Der Roman Technophoria, aus dem dieses Zitat stammt, beschreibt dystopisch das Austesten und damit auch das reale Simulieren von Elementen einer Smart City.
Maaks Figuren bleiben ähnlich wie beschriebene Welten, die sich um den Globus spannen, seltsam blass. Turek, die Hauptfigur, ist ein Cheflobbyist einer Private Equity Firma, die Smart Cities testen und bauen lässt. Er findet im (Arbeits-)Leben keinen Halt und wird wohl absichtlich diffus gezeichnet; jedenfalls kann ich mir diese Figur kaum bildhaft vorstellen.
Niklas Maak scheut dabei nicht davor zurück, Kalamitäten zu schildern, die einer bissigen Tragikomödie gleichkommen. Als Leser scheint die literarische Welt schockgefroren zu sein; menschliche Wärme ist selbst in noblen Anwesen ein Fremdwort; selbst der Anblick von Frisuren erinnert daran, dass darin „eine unsichtbare Elektrizität zu fließen schien“. Überwachung per Videokamera ist omnipräsent. Immerhin kann man die Kamera noch mit Rasiercreme einschäumen und sie blind stellen, wie es Tureks Freundin Aura im angemieteten Ferienhaus in Portugal bewerkstelligt.
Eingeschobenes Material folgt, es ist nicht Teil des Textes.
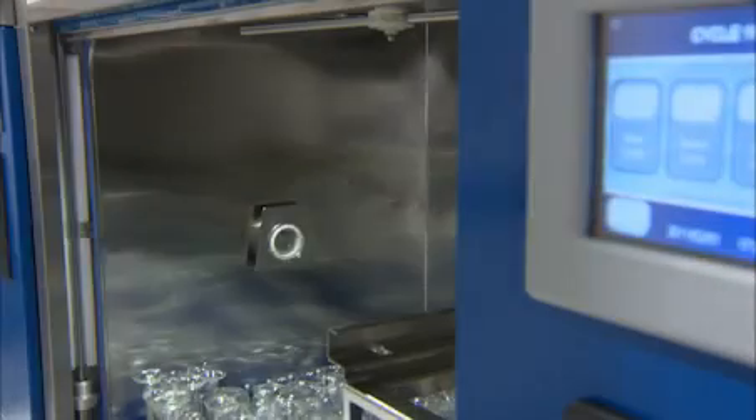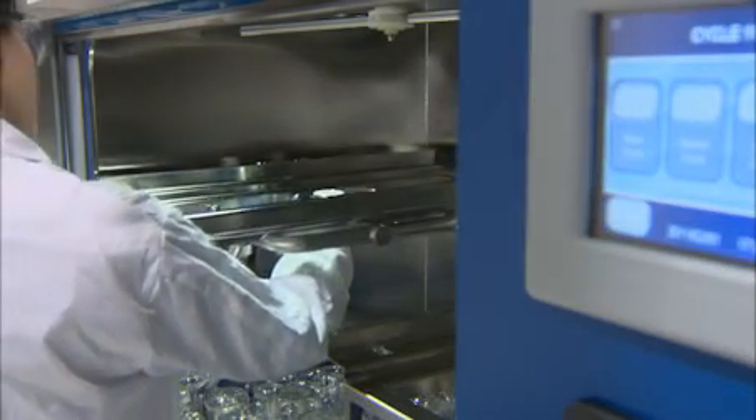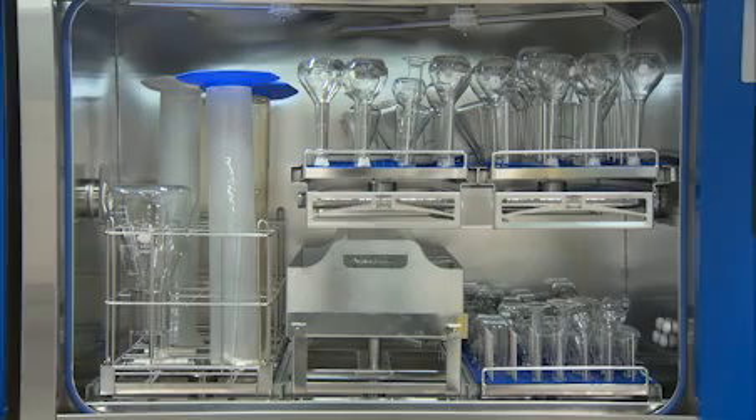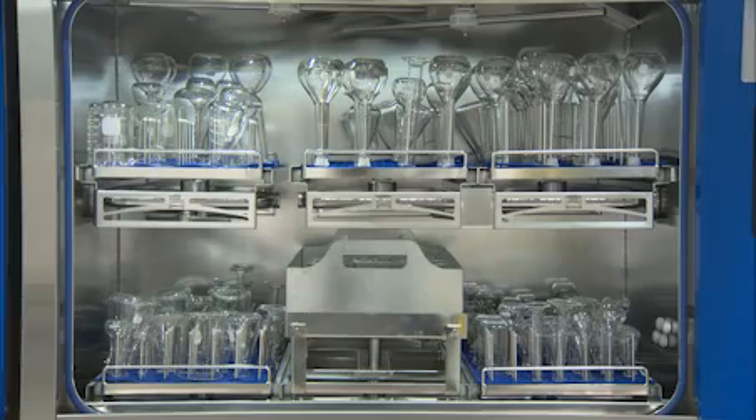The XLS series is designed with flexibility in mind. The unique accessory loading system can accommodate four to six different independent and easy-to-handle accessories.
Die menschliche (Er-)Schaffenskraft bleibt seltsam forciert, weil Geräte und nicht der Mensch selbst Entscheidungen erzwingen, so dass die Willensfreiheit kaum noch gegeben ist. Diese Grauzone resümiert Maak eindrucksvoll, als von einem Test-Roboter in der Verkleidung einer Androidin die Rede ist. Menschenähnliche Wesen erhalten in einem eigenen Kapitel namens „Roboter“ eine schaurige Bühne. Er legt dem japanischen Ingenieur, den Turek im fernen Osaka besucht, folgende Worte in den Mund:
Weißt du – ein Roboter ist nichts anderes als ein lebendigerer Spiegel, der uns zeigt, was wir wollen und wer wir sind. Es gibt etwas in unserem Gehirn, das aktiv wird, wenn man Trauer oder Freude bei anderen Menschen beobachtet, was es uns erlaubt, sich in jemand anderen hineinzuversetzen. Schon jetzt können Roboter von ihren Fehlern lernen. Bald werden sie in der Lage sein, auch ihre Programme zu hinterfragen, und Fehler der Programmierer zu korrigieren, ohne dass man sie dazu aufforderte. Und dann haben wir es mit einer neuen Natur zu tun.
In der Tat: Ein Roboter lässt tief blicken, umso mehr, wenn er hat ein gewisses Fehlerbewusstsein aufweist. Er hätte dann eine Einsicht, so wie wir auch Spiegel verwenden, um in unser Innerstes hineinzusehen. Wenn die Forschung es schaffen sollte, Nachdenken und Reflektieren vom menschlichen Gehirn abzukoppeln, wäre unser Geist entzaubert. Dann wären neue Geister aus der Taufe gehoben. Doch noch ist es (längst) nicht soweit: Solange der TÜV noch ansteht, überwacht sich die Technik noch nicht selbst. Solange wir mit dem Phänomen Risiko leben müssen, hat der Mensch paradoxerweise noch sein Leben in gewissem Maße unter Kontrolle. Ohne Risiko scheint er jedoch die Autonomie über seinen Lebensweg entscheidend zu verlieren. Wollen wir sie aufgeben, um von autonomen Technikgeistern geführt zu werden?
Das ARD-Kulturmagazin ttt besprach Technophoria im Sommer 2020. Das Buch ist im Hanser Verlag erschienen.